Choosing the right quality level
The quality slider in the rasterized mode controls JPEG compression. At 90%, the output is nearly indistinguishable from the original — file savings are modest but image quality is excellent. At 70%, most photographic content looks very good and the file is significantly smaller. Below 60%, visible compression artifacts start appearing on fine text, sharp edges, and highly contrasted areas.
For a multi-page scanned document with text on white background, 75–80% is typically the sweet spot: text remains clear and readable, and the file size is much smaller than the original. For color-rich design documents, 80–85% preserves gradient smoothness and avoids posterization.
When to use other approaches
Browser-based compression has limits.
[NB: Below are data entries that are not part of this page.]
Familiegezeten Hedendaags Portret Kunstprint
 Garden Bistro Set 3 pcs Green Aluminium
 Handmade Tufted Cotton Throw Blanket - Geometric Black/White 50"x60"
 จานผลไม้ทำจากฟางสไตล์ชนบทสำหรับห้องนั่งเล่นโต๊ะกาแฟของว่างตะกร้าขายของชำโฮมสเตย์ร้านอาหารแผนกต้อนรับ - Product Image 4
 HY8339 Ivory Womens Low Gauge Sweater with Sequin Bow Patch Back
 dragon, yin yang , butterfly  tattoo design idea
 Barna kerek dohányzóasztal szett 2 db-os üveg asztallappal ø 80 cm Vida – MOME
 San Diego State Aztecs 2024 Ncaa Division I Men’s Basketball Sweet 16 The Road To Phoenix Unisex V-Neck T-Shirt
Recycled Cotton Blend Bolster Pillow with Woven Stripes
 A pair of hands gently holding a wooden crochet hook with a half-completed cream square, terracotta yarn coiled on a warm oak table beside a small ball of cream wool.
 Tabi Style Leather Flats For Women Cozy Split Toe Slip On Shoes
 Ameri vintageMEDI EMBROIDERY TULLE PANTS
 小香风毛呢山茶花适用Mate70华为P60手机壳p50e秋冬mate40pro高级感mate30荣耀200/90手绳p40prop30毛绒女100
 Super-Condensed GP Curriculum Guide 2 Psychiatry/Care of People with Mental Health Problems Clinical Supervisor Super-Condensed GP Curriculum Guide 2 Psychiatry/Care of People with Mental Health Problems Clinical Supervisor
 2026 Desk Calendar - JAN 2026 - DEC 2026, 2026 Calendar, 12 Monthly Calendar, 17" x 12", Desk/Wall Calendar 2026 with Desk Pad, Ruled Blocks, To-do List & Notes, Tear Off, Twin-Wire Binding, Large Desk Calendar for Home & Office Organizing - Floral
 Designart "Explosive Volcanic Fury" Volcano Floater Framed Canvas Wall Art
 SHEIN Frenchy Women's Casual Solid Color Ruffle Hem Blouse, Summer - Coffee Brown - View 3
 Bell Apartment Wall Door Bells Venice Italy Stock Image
If you need to compress a 500 MB PDF, browser memory constraints may cause it to fail — in that case, split the PDF first with PDF Splitter, compress each section, then merge with PDF Merger.
For PDFs where searchability must be preserved but image content still needs compression, the right tool is Adobe Acrobat's "Reduce File Size" (which sub-samples embedded images without rasterizing the text layer) or Ghostscript on the command line. These server-side tools have more control over exactly which objects get compressed and how.
For sharing very large PDFs online, consider also whether a cloud link is more appropriate than an attachment — Google Drive or Dropbox links have no file size limit and avoid email bounce issues entirely.